Across the White

(This was an inaugural post for a music blog that never quite got off the ground.  I’m reposting it here because this site will also discuss music, especially in conjunction with history and literature, but also for its own sake.  Full disclaimer: I sing with The Collegiate Chorale here in New York, and because I have such a deep respect and love for the group and what we do, you can expect to see proud promotion of our concerts and projects when appropriate.)
Everyone Sang
by Siegfried Sassoon

Everyone suddenly burst out singing;
And I was filled with such delight
As prisoned birds must find in freedom
Winging wildly across the white
Orchard and dark-green fields; on; on; and out of sight.

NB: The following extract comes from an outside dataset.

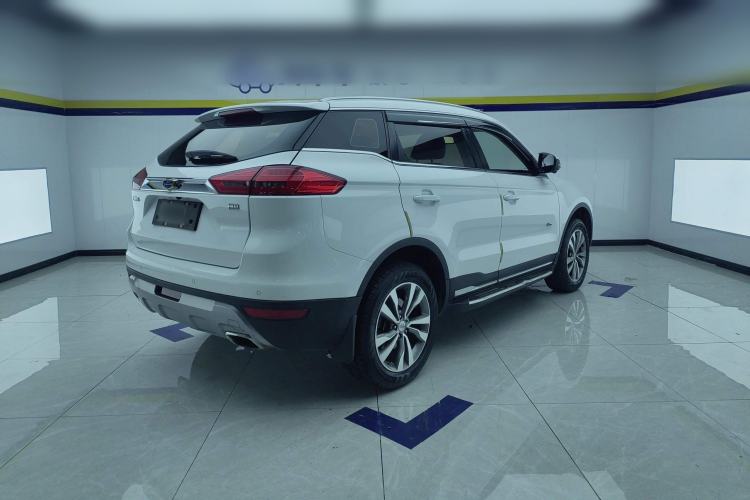 Used Geely Auto Emgrand X7 Sport 2016 1.8TD Automatic ZhiZun Version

Everyone’s voice was suddenly lifted,
And beauty came like the setting sun.
My heart was shaken with tears; and horror
Drifted away … O but every one
Was a bird; and the song was wordless; the singing
will never be done.

from Verdi's Requiem

I am no musicologist.  I’m not even a very learned musician.  I can tell you the difference between a third and a fifth on paper, but I can’t hear the difference in sound immediately.  And yet, despite this lack of a sophisticated ear, I’ve sung with choirs for most of my life and it has been one of my chiefest joys.  When I sing, when I throw my voice in with all the others to transform black dots on a white page into a stirring harmony, I am more present than at just about any other time.  My mind can’t wander off the page because it would ruin everything, so I’m very focused and my cares, be they positive or negative, have no bearing on me in that moment.  My concern, rather, shifts in an attempt to understand the world of the piece we inhabit and to place my voice in that world exactly where it needs to be.  Sometimes this process can open me up to curious insights.  Once in awhile, singing is even revelatory.

Because much of what we sing was written by composers who died long ago, every performance is an exercise in time travel.  For the duration of the piece, we bring something back — usually something truly beautiful — from a bygone era.  In order to best perform it, however, or to benefit the most from each work’s richness, a hefty amount of understanding is required.  Every conductor I’ve ever worked with has been a font of information and anecdotal trivia which they share in order to finesse the shape of our sound (or to simply entertain us).  As different as they’ve been in personality, they speak of every composer like an old friend and bring him or her into the room, almost as a consultant.  I love this about singing.  I love the time travel and the sense that the past didn’t go anywhere because it’s here, right now.  And you can hear it.  Through us.